▶ _Task_: Reproduce the entire listing exactly. Leave the pictures out.

▶ _Information shown_:
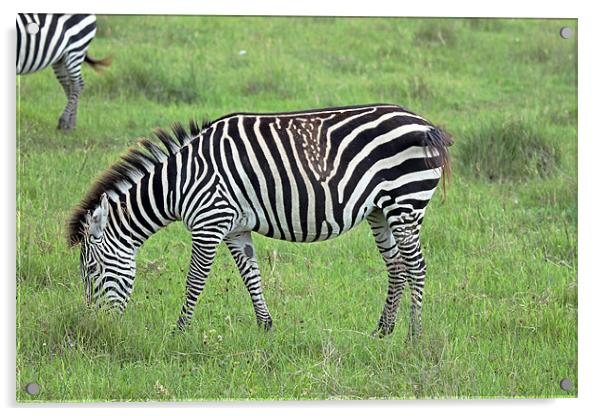 Zebra Acrylic by Tony Murtagh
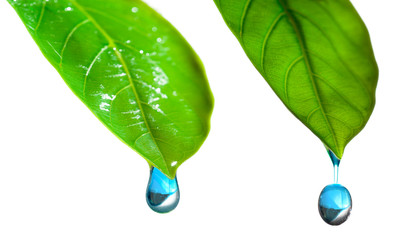 Wall Mural - drop of water on a green leaf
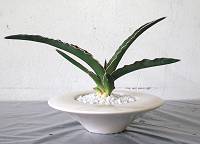 植え替え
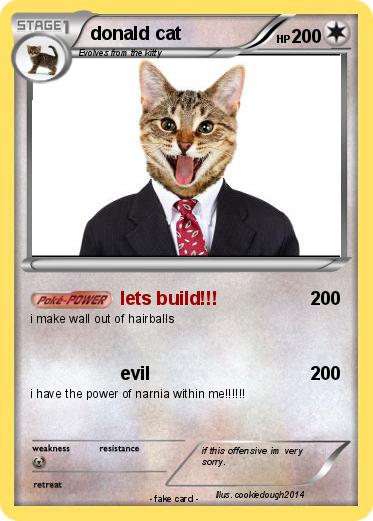 Pokemon donald cat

▶ _Expected output_:
 Zebra Acrylic by Tony Murtagh
 Wall Mural - drop of water on a green leaf
 植え替え
 Pokemon donald cat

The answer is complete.